Lagos is home to missing baggage
In 2016, the airport processed over seven million passengers and, according to employees of the Nigerian Airport Handling Company PLC (NAHCO), who pleaded anonymity, an average of 20–30 cases of missing or delayed baggage were reported every day.
When passengers hand over their baggage to airline staff and officials, it is in the understanding that these bags and boxes will be conveyed, so that when they land at their destination and undergo the necessary procedure, their luggage will be waiting for them, intact.
Considering the fact that airlines and airports have enlisted the help of technology and years of practice to develop their systems and create clear procedures for handling and transporting luggage, there seems little reason for this to be such a frequent occurrence.
Role of airports
This does not always happen. According to NAHCO staff, most of the technology in Murtala Mohammed Airport are decades behind the times. They have conveyor belts with non-existent scanners and faulty baggage carousels, so there are instances where the ground handling staff has to move the luggage from the bag room, directly to the baggage carts.
Most local airlines don’t even bother with this process. In local flights, the luggage is usually placed on a baggage cart at the airline’s ticket stand and taken directly to the plane by airline staff.
About 30–40 minutes before the flight takes off, the bags are brought out to the aircraft. There, a team of ground handlers loads the bags on board the plane according to a load plan.
The load plan tells how many bags go in each cargo compartment to keep the weight and balance right and ensure fuel efficiency.

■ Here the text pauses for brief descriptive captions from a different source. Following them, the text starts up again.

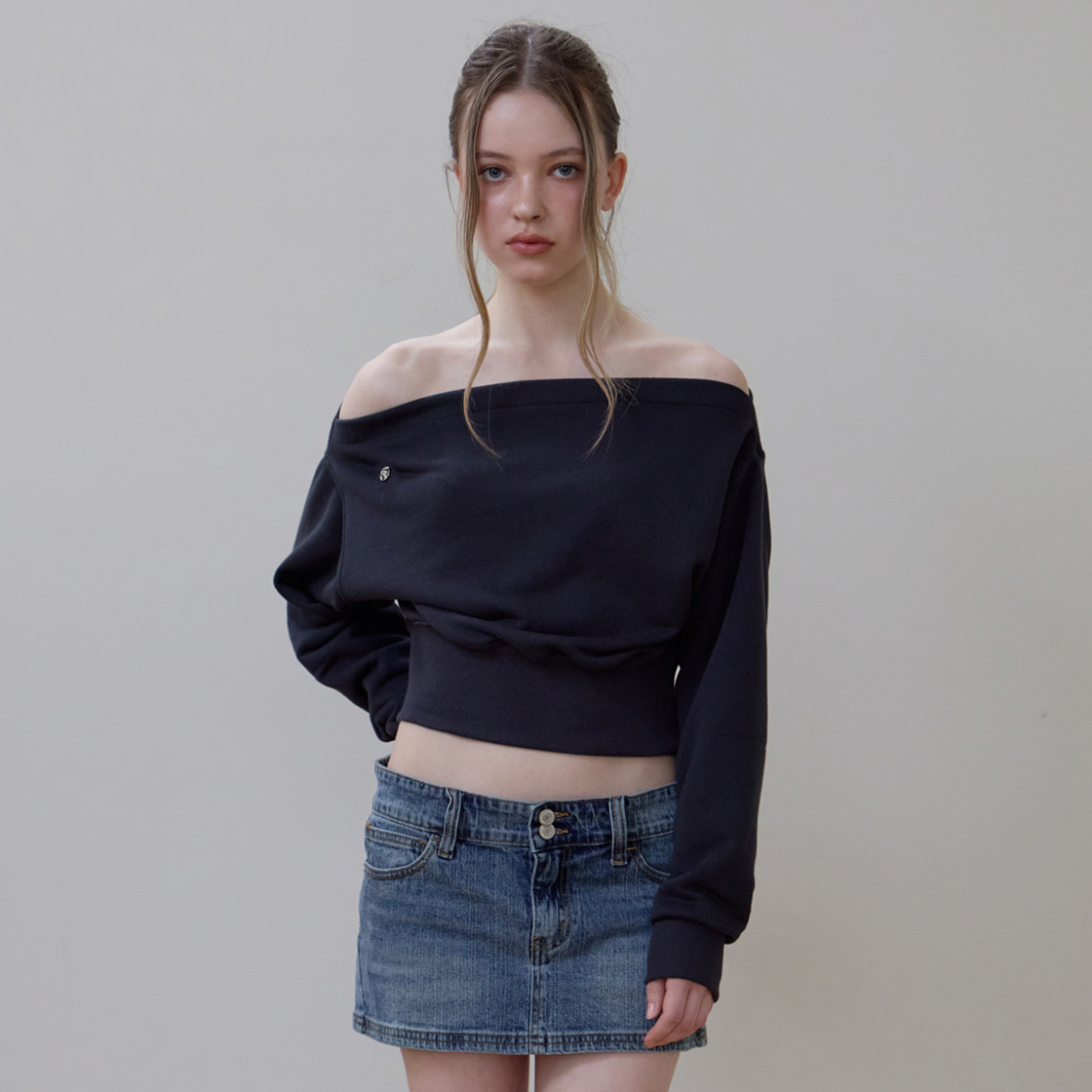 로제프란츠 크롭 오프숄더 스웨트셔츠 [차콜](Rosefrantz Crop Off Shoulder Sweatshirt [Charcoal]) - 4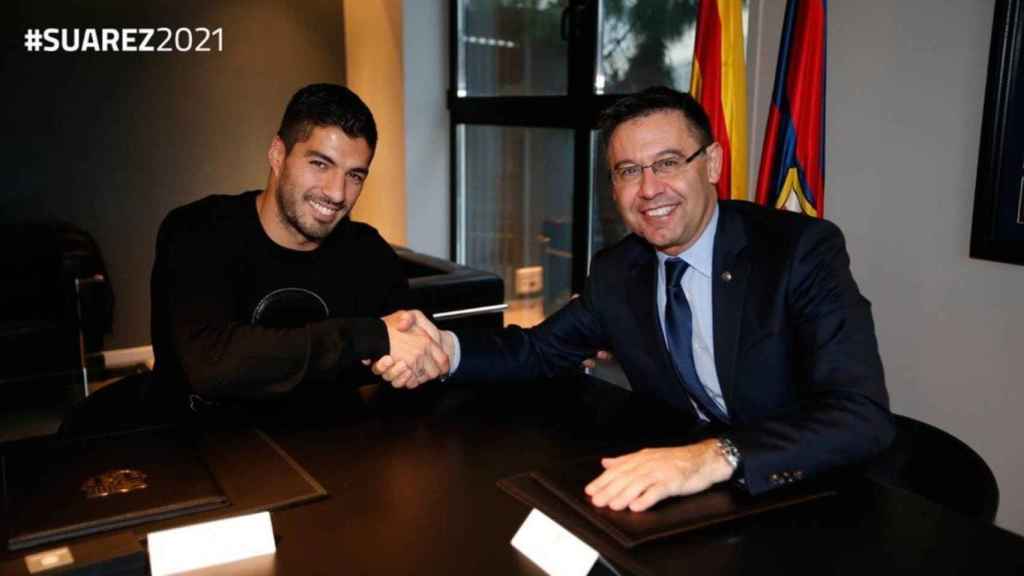 Luis Suárez y Josep Maria Bartomeu en la renovación del uruguayo / EFE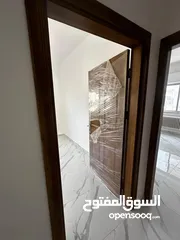  14 شقة واسعة و مجددة بالكامل للإيجار- الصويفية - خلف المدرسة الأمريكية - طابق ثاني . العمارة 6 شقق فقط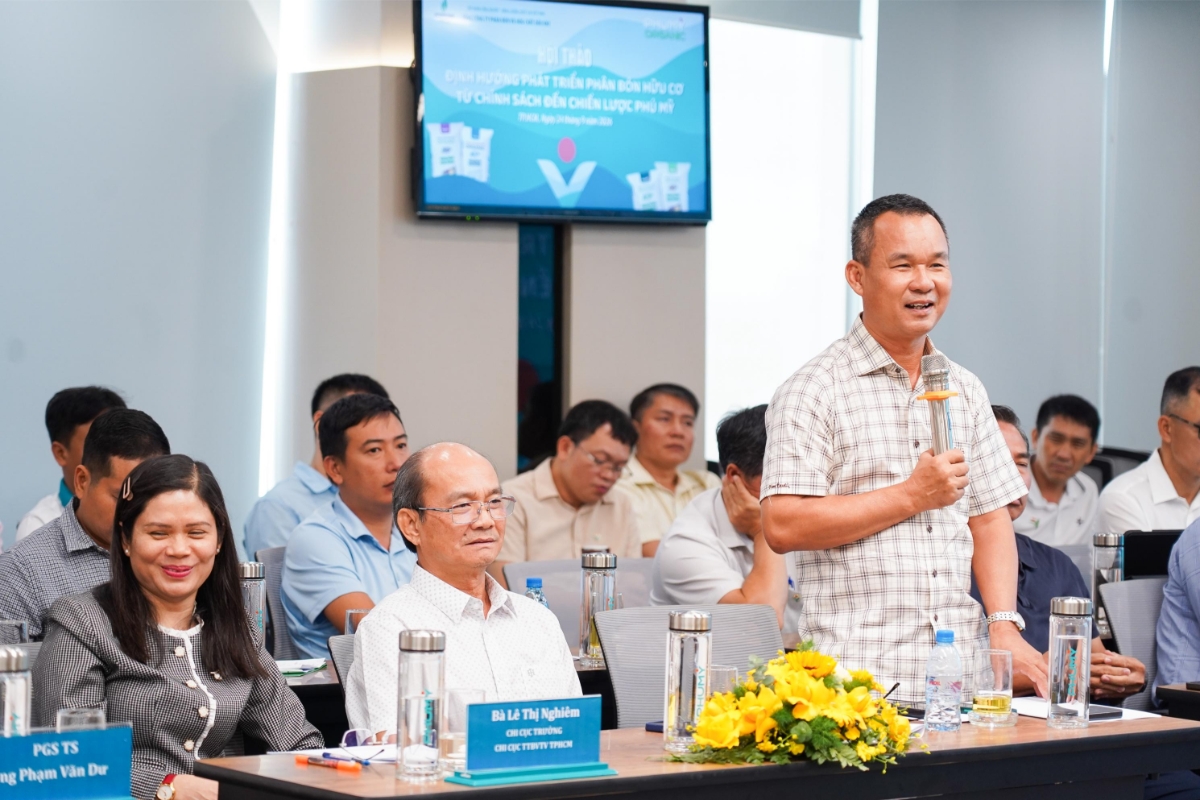 Các đại biểu trao đổi trong phiên thảo luận .
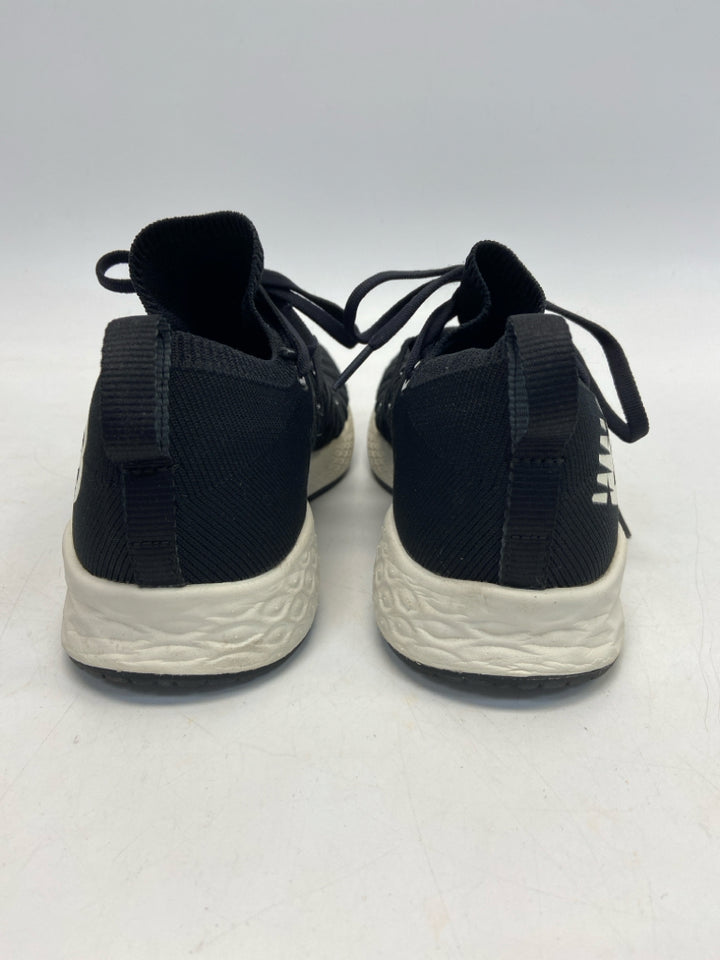 New Balance  Size 8.5 Black Lace-up Sneakers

When the plane reaches its destination, another team offloads it into baggage carts, which are moved to a baggage carousel. The baggage is then offloaded onto the carousel that brings it into the terminal where you pick it up.
According to a senior official of FAAN who spoke to our correspondent on the condition of anonymity, the human factor is responsible for a lot of the baggage that goes missing but, as the case is not unique to MMA, there are many reasons beyond that.
Sometimes, the bag tag gets torn off in transit and there is no information to indicate where it is headed or when it should land.
Airline staff in a bid to make extra cash from un-remited baggage fees, often attaches hand-written bag tags that make it difficult to connect the bags to the appropriate flight.
The Radio Frequency Identification (RFID) technology will replace the existing barcode and hand scanning procedure that’s been used industry-wide since the early 90s and is the first time that the technology has been used this way in the USA.
Last Line
If an airline has ever lost your luggage then you will understand how frustrating it is. Such a sensation is felt by hundreds of people departing airports across the world.